This operational guide walkthroughs a checklist of steps to onboard large sized datasets ( >100 TiB in size including all replicas), into the Filecoin network. This guide is suitable for data owners that are seeking an introduction to the onboarding process.
The end-to-end data flow is covered at an introductory level, from planning, through to retrieval testing. This guide is intended as a top-level guide that summarizes each step, while providing references to more detailed documentation.
This guide provides a walkthrough usage of the primary client-side tool set, namely Singularity, supported by Boost, and Lotus client.
- 1.Understand the large data onboarding reference architecture.
- 2.Select datasets for onboarding, estimate sizing.
- 3.Allocate storage funding with DataCap, or FIL tokens.

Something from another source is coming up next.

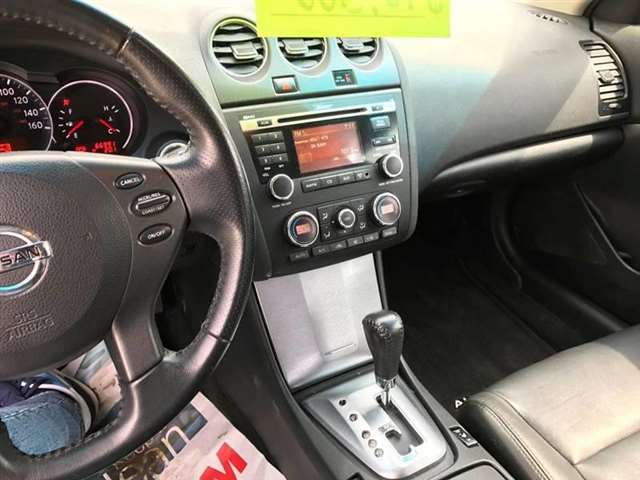 2012 Nissan Altima 3.5 SR 4dr Sedan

- 4.Select Storage Providers
- 5.Setup Storage Gateway environment
- 6.Prepare Data
- 7.Replicate Data to SPs, Propose Storage Deals
- 8.Retrieve Data
- 9.Plan next steps
If your organization's dataset is smaller (<100TiB), you may also consider alternatives that may provide simpler and accelerated onboarding paths, such as Chainsafe.storage, Estuary.tech, web3.storage, NFT.storage, and others listed at https://dataonboarding.filecoin.io/